Dr. Balasubramanian cited the judgment of the Supreme Court in Dooars Tea Co. Ltd. vs. Commr. of Agrl. IT (1962) 44 ITR 6 (SC). The assessee held a large tract of land upon which it grew bamboos, thatching grass and fuel timber by agricultural operations. These were not sold but were utilised by the assessee in its tea business. The question was whether they constituted agricultural income, and the Court held that they did. It is difficult to see how the decision in Dooars Tea Co. Ltd. (supra), can advance the case of the Revenue.

It is very difficult to hold that an agricultural activity ends the moment that agricultural produce is grown or that it does not take into account any process which is requisite to preserve it and/or make it marketable. In our view, an agricultural operation extends to all activities which makes the agricultural produce marketable.
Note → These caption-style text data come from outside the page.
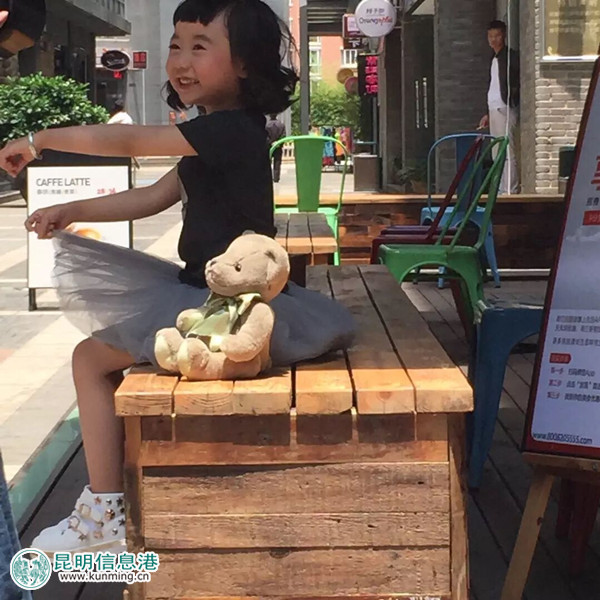 “萌趣童心”昆明小童星網(wǎng)絡(luò)選拔活動(dòng)掀起狂熱炫照風(fēng)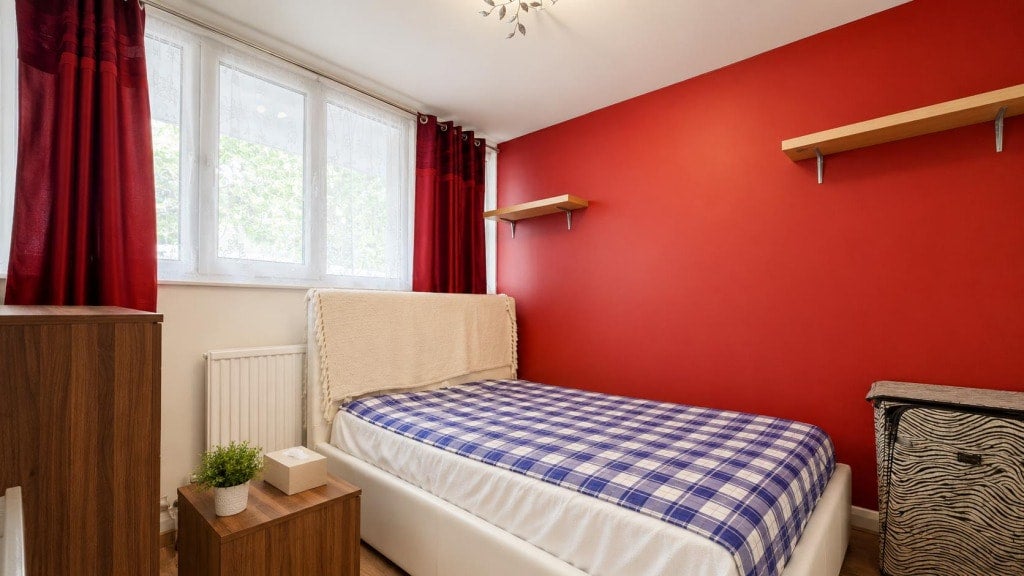 Flat Finborough Road in Greater London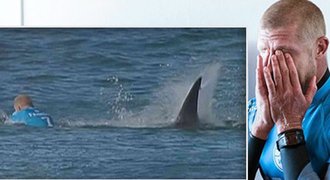 Hrozivé video! Surfaře napadl žralok, zachránil se přesným kopancem
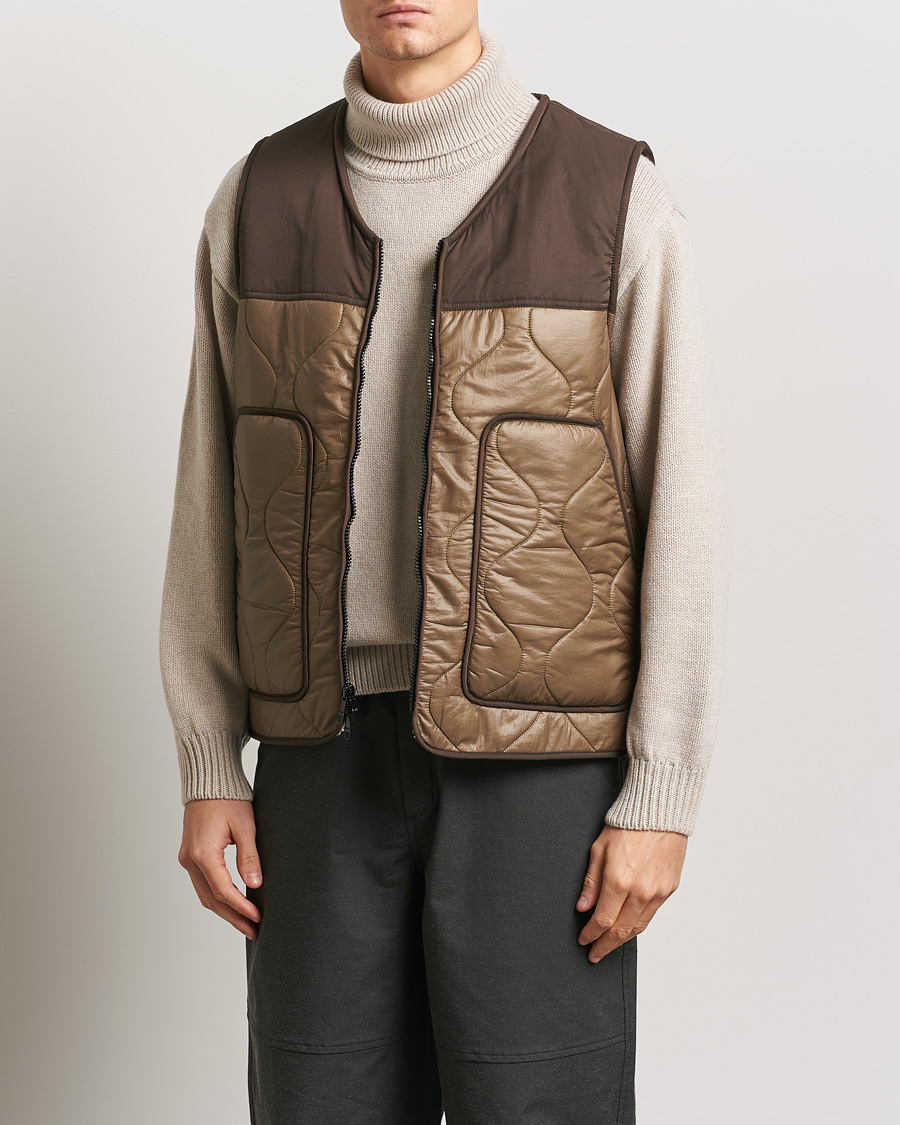 Herren | Jacken | Woolrich | Quilted Vest Sherpa Lining by Todd Snyder Taupe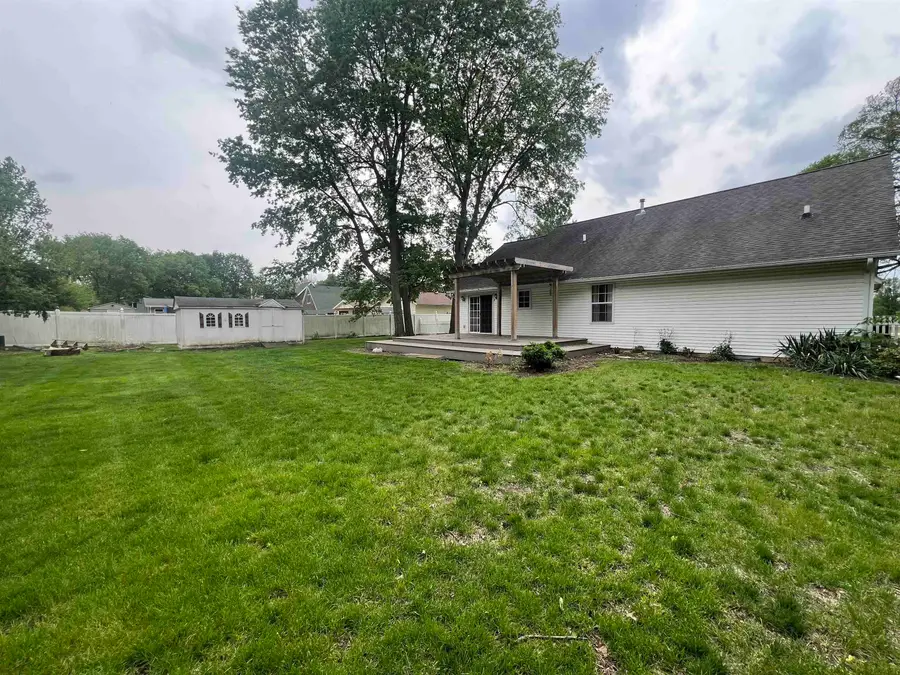 637 NORTH PRAIRIE, Rockton, IL 61072 - #2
Consequently, an implement used to make the agricultural produce marketable must be held to be an agricultural implement.

Having regard to the findings of the Tribunal and what is aforesaid, we hold that the assessee is entitled to the relief given by ss. 80E and 80-I in the concerned assessment years in so far as its sugarcane crushers are concerned. Accordingly, the third and fourth questions are answered in the affirmative and in favour of the assessee.

No order as to costs.

[Citation :181 ITR 523]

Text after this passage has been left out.